ASSIGNED TASK → Across the records below, how many lines include the string "binocoli"? State the number and nothing more.

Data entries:
--- START ---

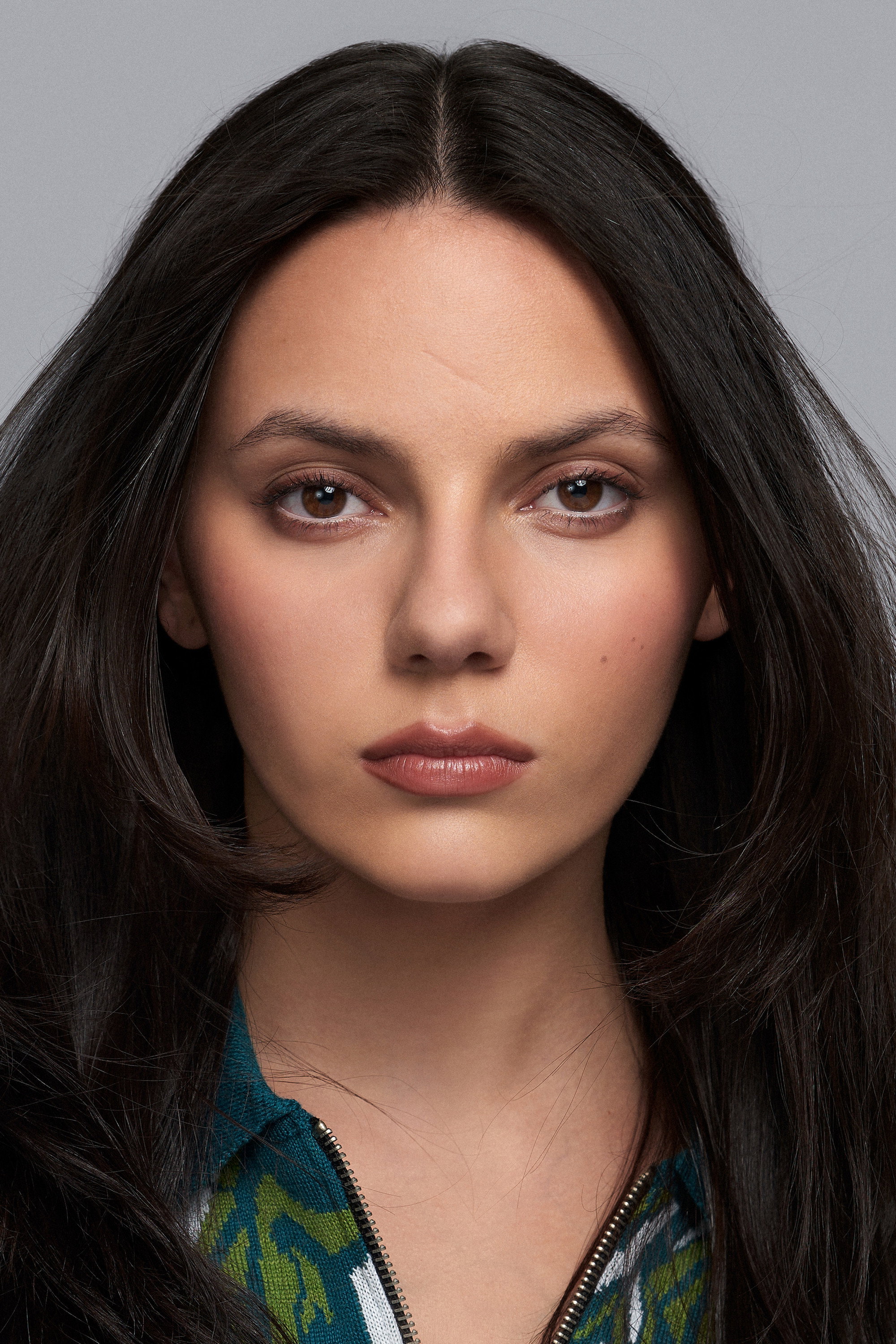 Dafne Keen - headshot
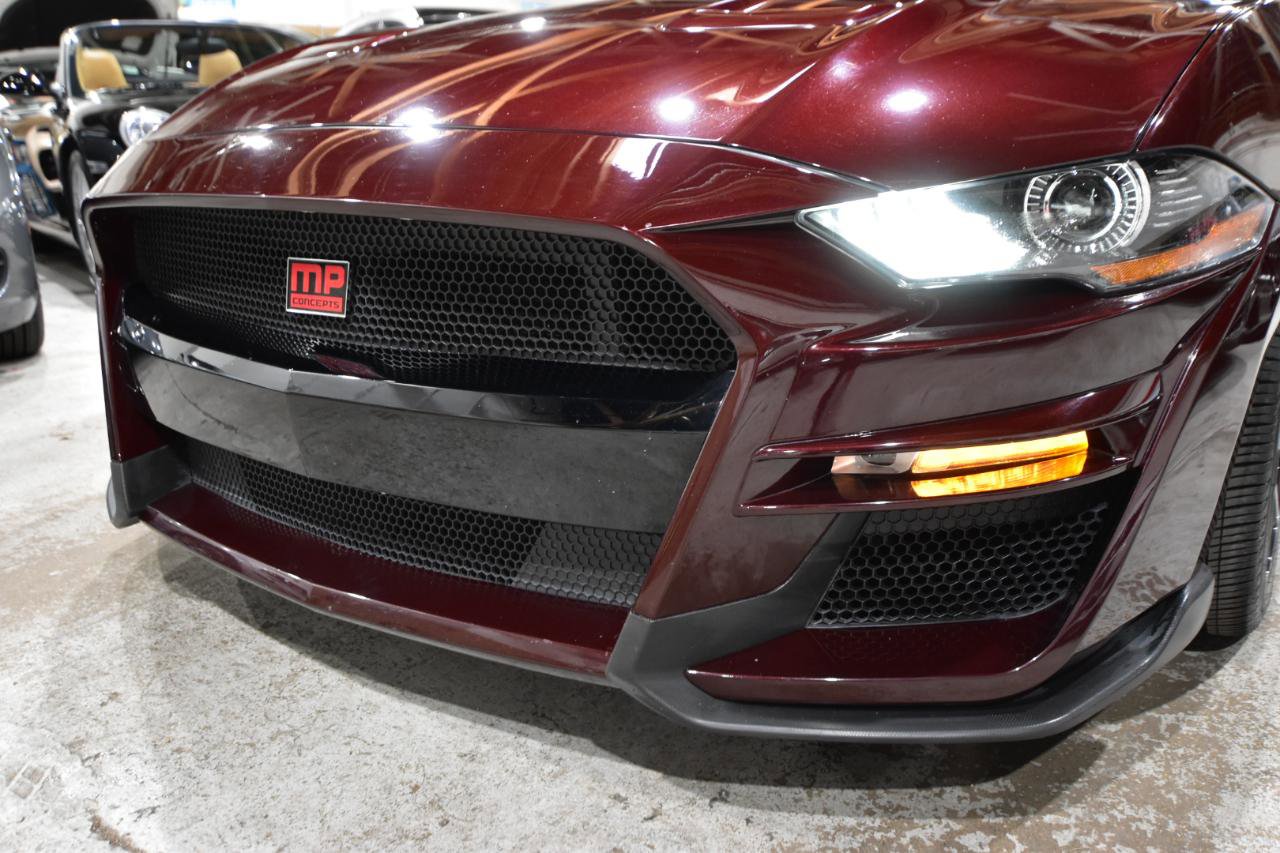 Used 2018 Ford Mustang GT Premium image 5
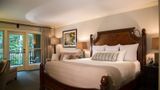 The Lodge at Woodloch Suite
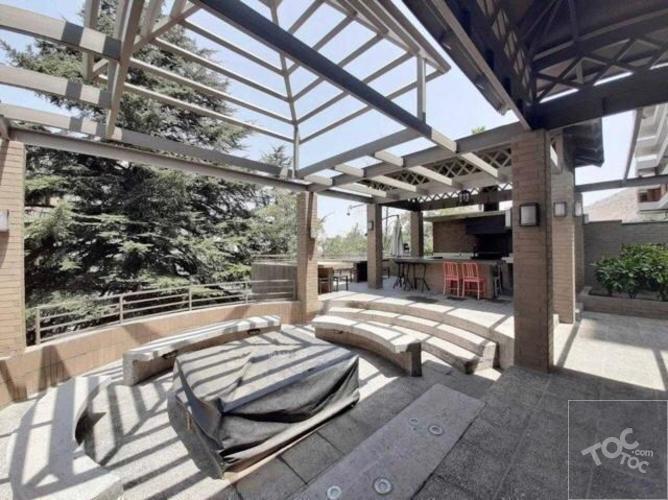 BOSQUES DE LA PIRAMIDE/ CUIDAD EMPRESARIAL 2D-2B /75 M2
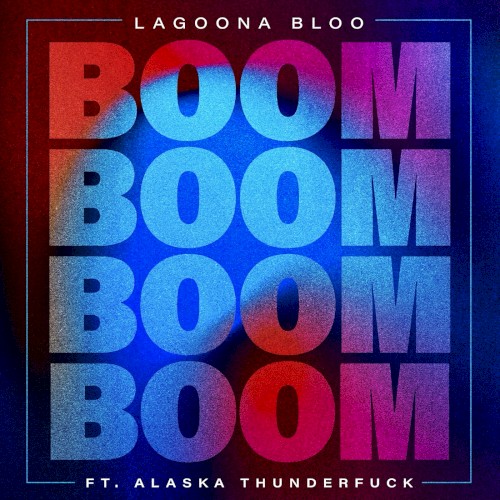 Boom, Boom, Boom, Boom!!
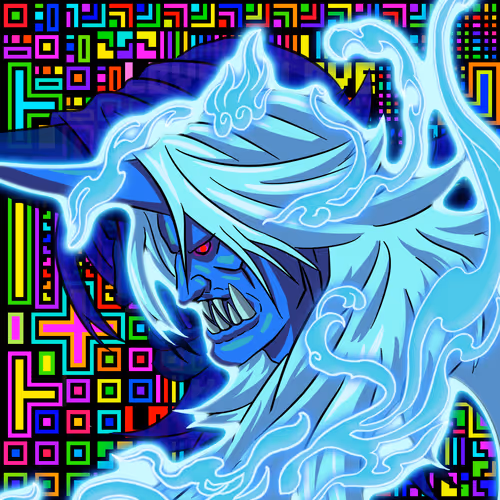 Shikigami #396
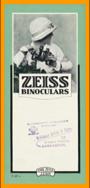 1925 Zeiss Binoculars Catalog 
1925 Zeiss Binoculars Catalogue.
1925 Zeiss Fernglas Katalog.
1925 Zeiss catalogo de binoculares.
1925 Zeiss catalogo de prismaticos.
1925 Zeiss catalogo binocoli.
1925 Zeiss katalog over kikare.
1925 Zeiss catalogue de jumelles.
1925 Zeiss verrekijker catalogus.
1925 Zeiss katalog med kikkert.
Antique Zeiss binoculars catalog.
Antique Zeiss binoculars catalogue.
Old Zeiss binoculars catalog.
Old Zeiss binoculars catalogue.
1925 Zeiss katakog dalekohledu.
1925 Zeiss durbun katalogu.
1925 Zeiss catalog binocluri. 
1925 Zeiss kiikarlen luettelo.
1925 Zeiss tavcso katalogus.
1925 Zeiss katalogu i dylbive.
1925 Zeiss danh muc ong nhom.
Old Zeiss binoculars catalogue.
Catalogue antique de jumelles Zeiss.
Antiker katalog de Zeiss fernglaser.
Ancien cataklogue de jumelles Zeiss.
Vecchio catalogo di binocoli Zeiss.
Catalogo antico di binocoli Zeiss.
Antiguo catalogo de prismaticos Zeiss.
Catalogo de binoculares antiguos Zeiss.
Catalogo antiguo de binoculares Zeiss
Antik katalog over kikare Zeiss.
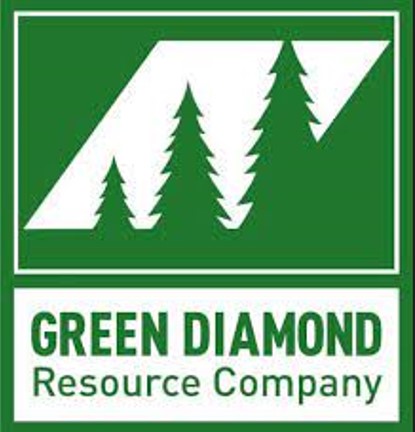 Green Diamond Resource Company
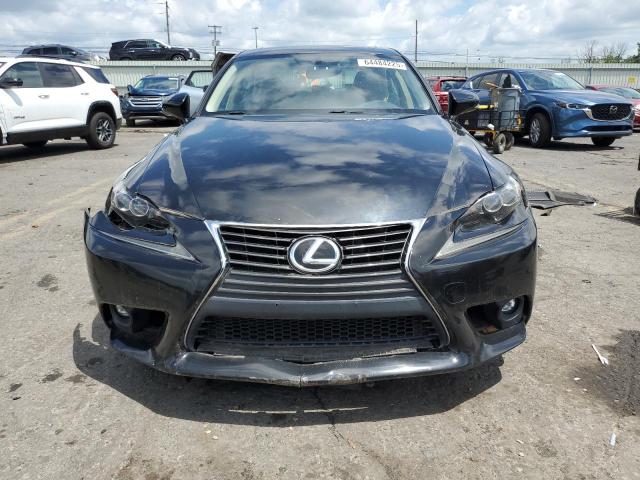 2015 LEXUS IS 250 JTHCF1D22F5023867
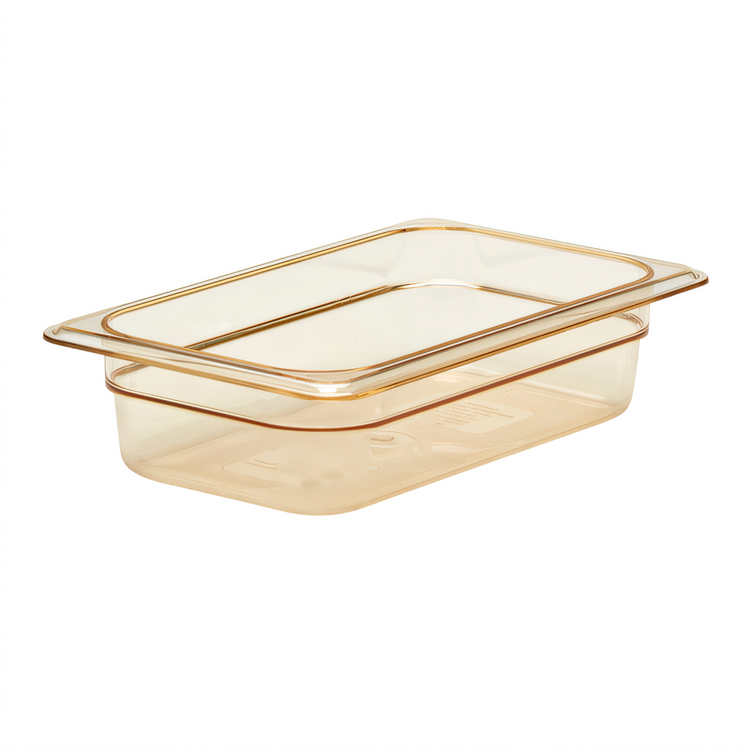 Product image #1 for Cambro 42HP150 H-Pan™ Plastic Food Pans Case of 6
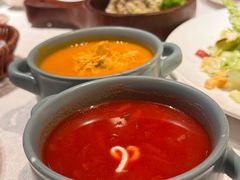 -俄士厨房(环球港店)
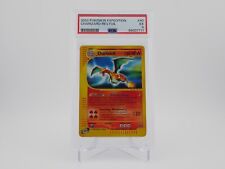 Pokemon 2002 Expedition Charizard Reverse Holo 40/165 PSA 5 Low POP picture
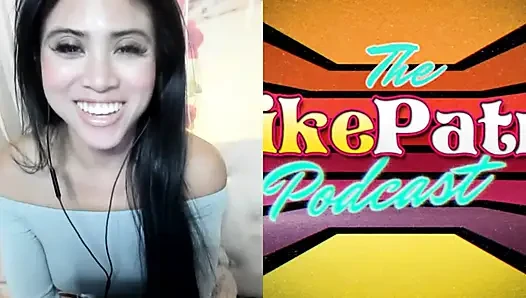 Trikepatrol röportajı - Ember Snow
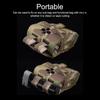 Elastic Loop Tourniquet Holder MOLLE System TQ Fastener Durable Tourniquets Strap  SOF-T/C-A-T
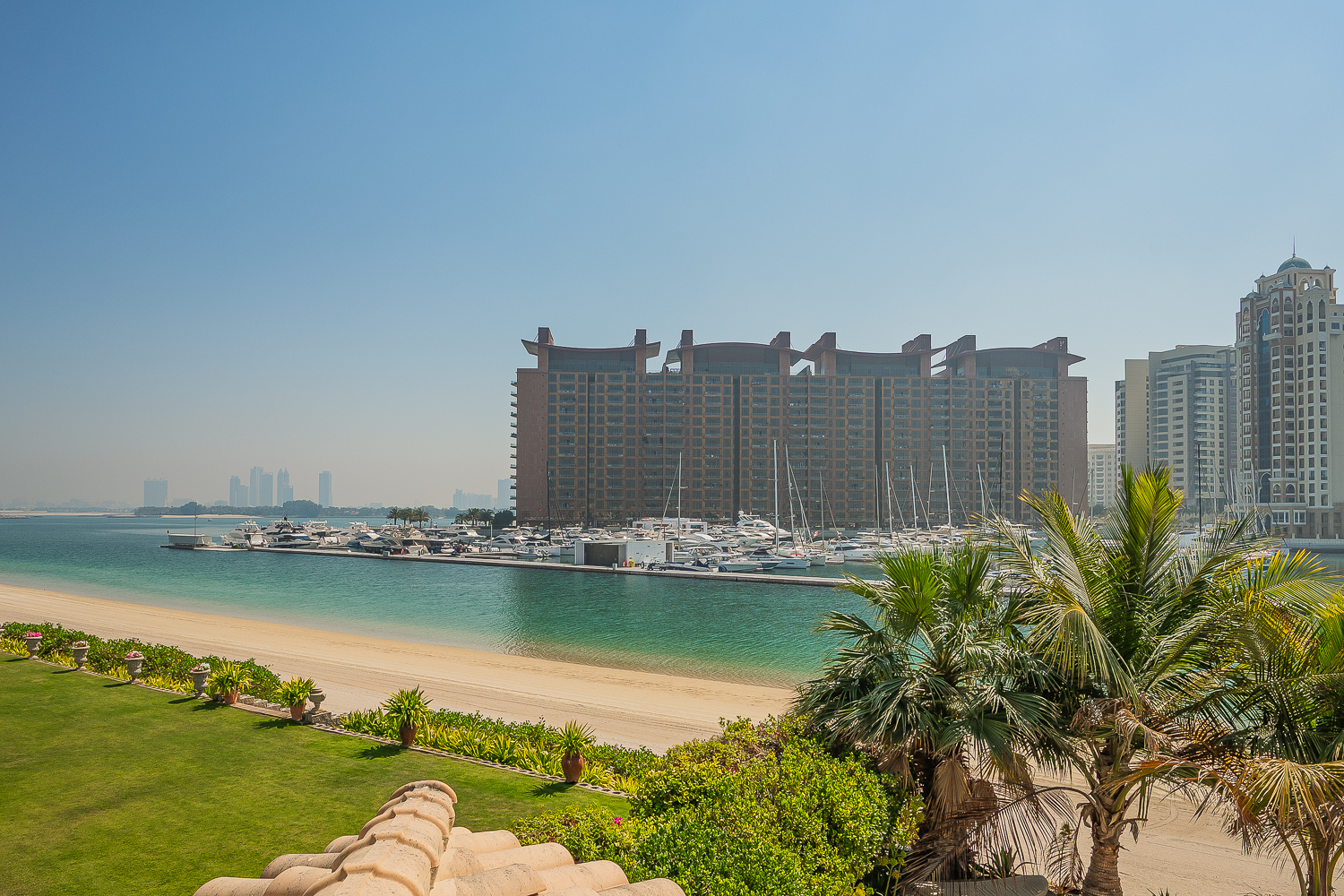 6 Bedrooms Villa in Signature Villas Frond A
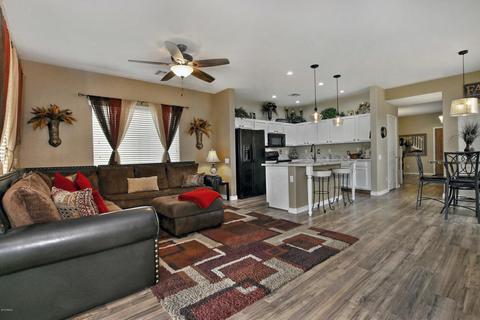 7741 E Billings St, Mesa, AZ 85207 photo 12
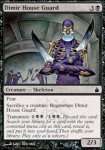 Domoguardia Dimir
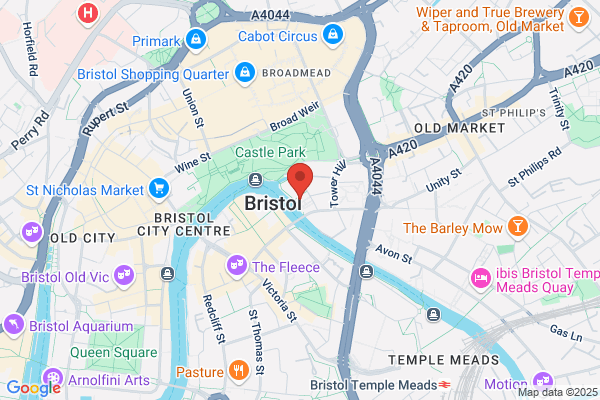 Mortgage Broker Bristol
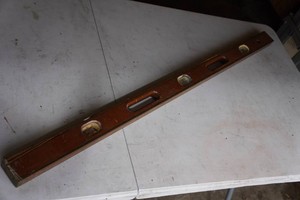 Wood and Brass Level - 3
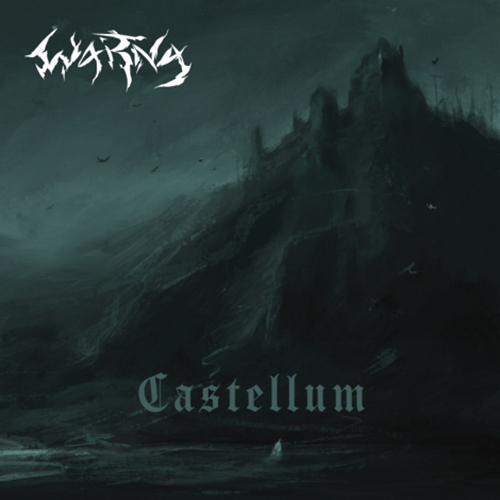 WARNA – Castellum CD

--- END ---

ANSWER AREA → 3